Quote from TraderZones:


2) The Western World confused "free trade" with "eliminate most tariffs and controls and let Chinese factories, Indian services, and 3rd World fish farms outsource millions of jobs at 15% of the pay and without worrying about the environmental consequences and not have to buy much from us"


You nailed it!

Since 2000 we have lost 4.5 million manufacturing jobs to China
 
Quote from lemeeeplay:

You nailed it!

Since 2000 we have lost 4.5 million manufacturing jobs to China

For decades the West has been " feather-bedding " themselves and this has let in the meaner and leaner from you know where.

I dont hear any customers complaining though

so maybe its time the flabby, fat arses in the West took a reality check or built a high wall around their clapped out economies to hide behind.

:confused: :confused:
 
Quote from lemeeeplay:

You nailed it!

Since 2000 we have lost 4.5 million manufacturing jobs to China
And in 1950 you lost millions of low level farm jobs to Mexico and Brazil. Did that make Mexico and Brazil rich?

Do you wish there were still millions of highschool dropouts working on US farms for $1 an hour? Or are we better off leaving these jobs to other countries and instead focusing our human capital on products and services that have higher barriers to entry?
 
Quote from makloda:

Regarding the steepness or severity of the downturn, definitely the failure of Lehman Brothers Sept 15 and the chaos that ensued through their collapse (enhanced margin accounts in London locked up, default on bonds and all OTC trades)

This - in hindsight - seems to have set off a chain reaction reaching into Iceland, Eastern Europe including Russia etc.

I think that day marks the point of going from discounting a textbook recession to discounting a (not so textbook) depression.

One can still be amazed how the media and large parts of the public focus on blaming Bernanke and Paulson for now having to bail out the entire US economy, but nobody attacks them for letting Lehman fail in the first place.

you have absolutely no proof what the effects of saving lehman would have been. you have shown absolutely no proof to the effect of the lehman demise.

it is the usual error in logic. you are confusing correlation with cause.
 
Quote from zdreg:

you have absolutely no proof what the effects of saving lehman would have been. you have shown absolutely no proof to the effect of the lehman demise.

it is the usual error in logic. you are confusing correlation with cause.

Ok...so you have opinion...lets hear it instead of simply "bagging" somebody else's considered opinion.

I also have an opinion related to Lehman and if it is similar to your own I will be the first admit it...Let's go....

...
 
Quote from Now is Now:

Ok...so you have opinion...lets hear it instead of simply "bagging" somebody else's considered opinion.

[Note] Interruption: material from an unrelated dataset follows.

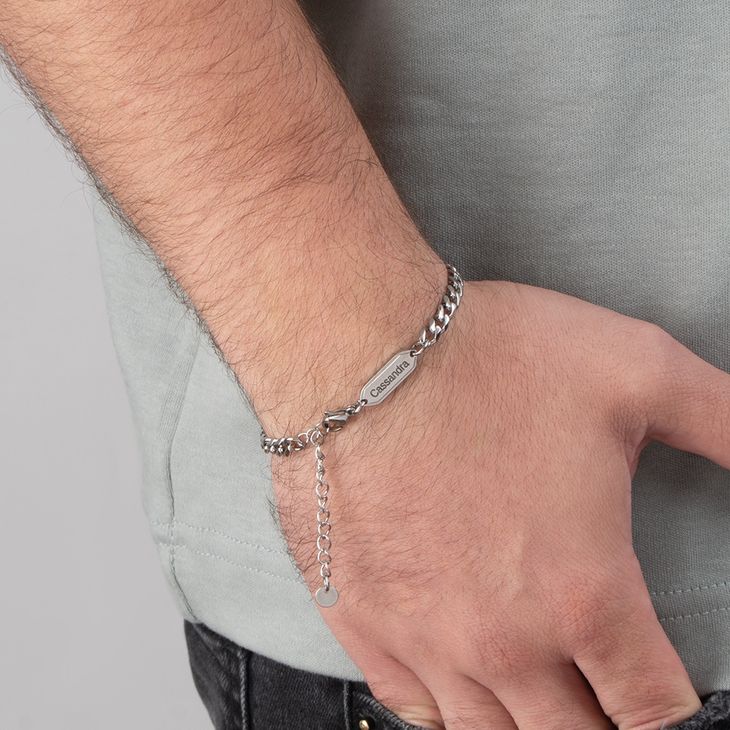 Dainty Cuban Bracelet for Men model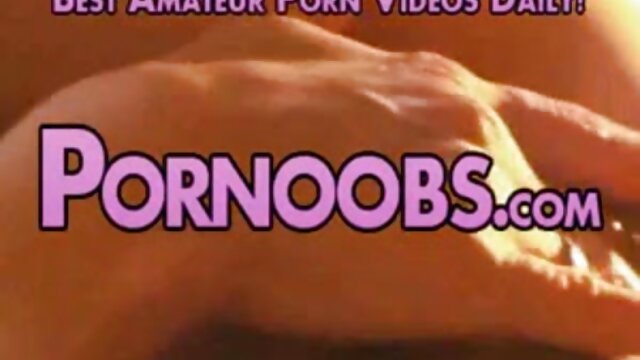 Neverjetno :  Zamaskirana rjavolaska ljubica uživa v dvojni penetraciji Filmski odlomki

I also have an opinion related to Lehman and if it is similar to your own I will be the first admit it...Let's go....

...
"lets hear it instead of simply "bagging" somebody else's considered opinion."

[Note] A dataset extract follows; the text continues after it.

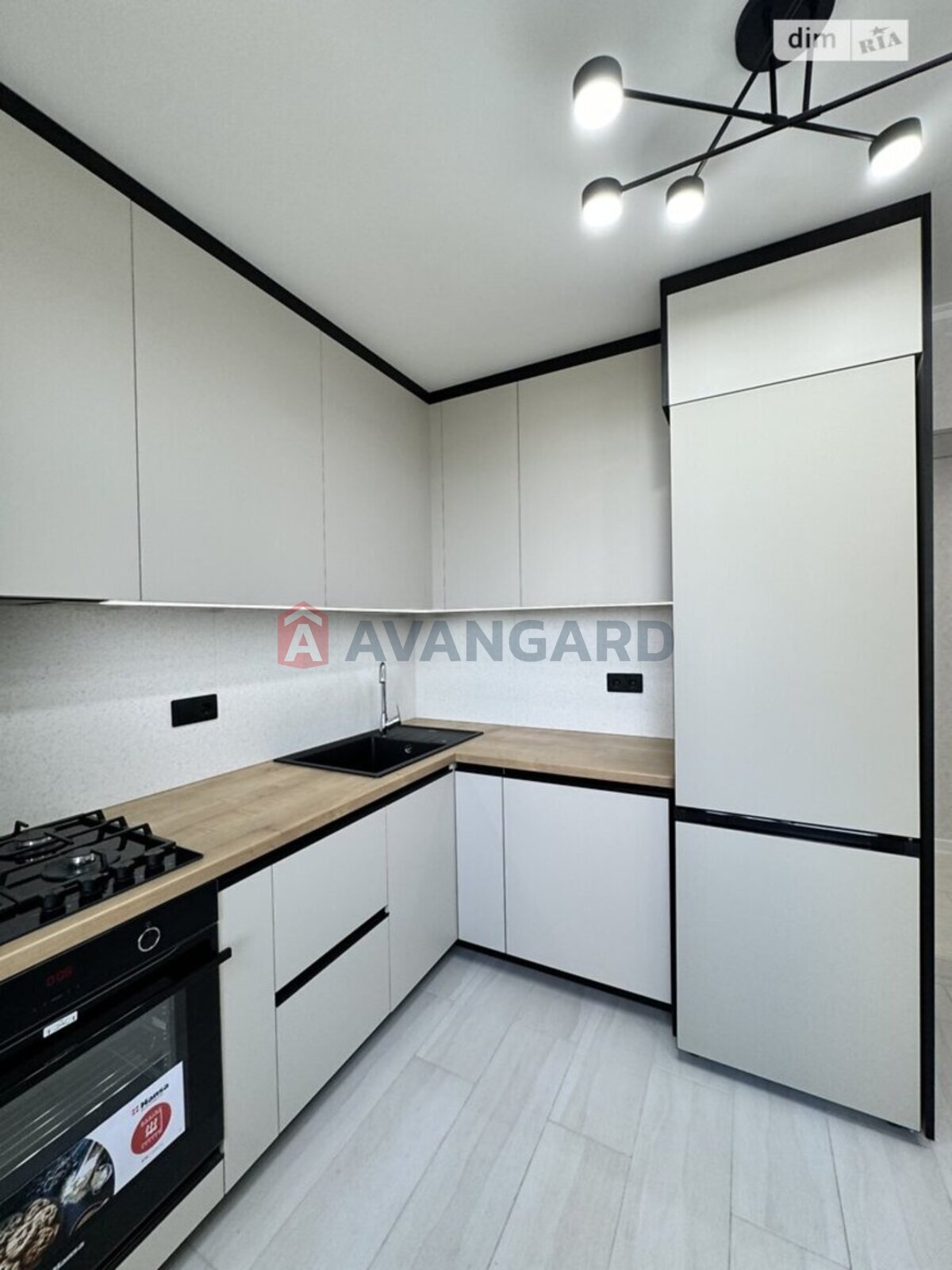 3 ����. ��������, 80/-/- ��. �., 6/9 ���� ���� 1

a professor I knew use to expound his philosophy on grading numerous times during the semester: E for effort and F for the course.:)

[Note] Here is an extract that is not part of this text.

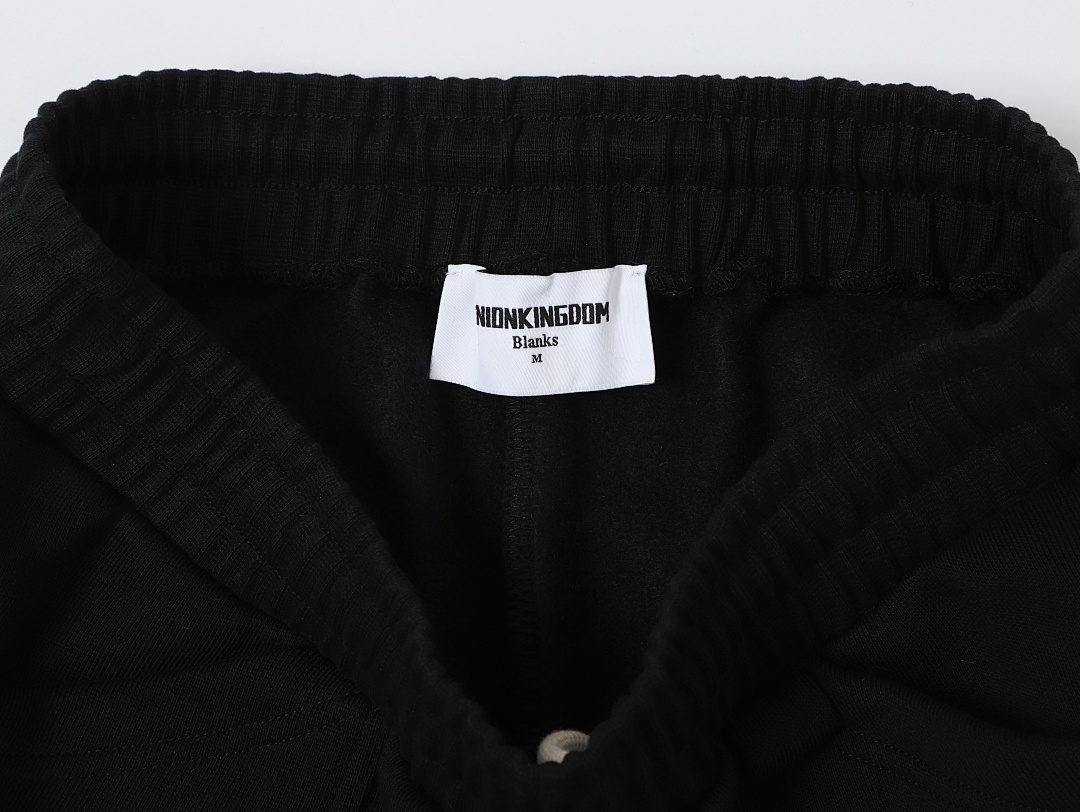 On Running 520Gsm Union Kingdom Cozy Baggy Shorts - Image 37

of course this was long ago when standards were upheld.
 
It will be the implosion of either the CDS market or the Credit Card market. The Credit Card market is estimated at $1T while the CDS market is estimated at $50T. Defaults in the CC market could trigger defaults in the CDS market.

In 2009 and 2010 there are secondary waves of ARMs that are schedule to reset that are equal to the size of the Sub-prime waves but they are higher grade than the Sub-prime market. The resetting of these ARMs could trigger the CC's, which, in turn, could trigger the CDS.
 
Quote from zdreg:you have absolutely no proof what the effects of saving lehman would have been. you have shown absolutely no proof to the effect of the lehman demise
No proof needed buddy, it's just an opinion.

Look up the high yield bond spreads, CDS spreads and LIBOR charts following September 15 (Lehman failure) and March 17 (Bear Stearns bailout). It tells a "story", but I agree it's not scientific proof.
 
Quote from makloda:

No proof needed buddy, it's just an opinion.

Look up the high yield bond spreads, CDS spreads and LIBOR charts following September 15 (Lehman failure) and March 17 (Bear Stearns bailout). It tells a "story", but I agree it's not scientific proof.

i agree chief.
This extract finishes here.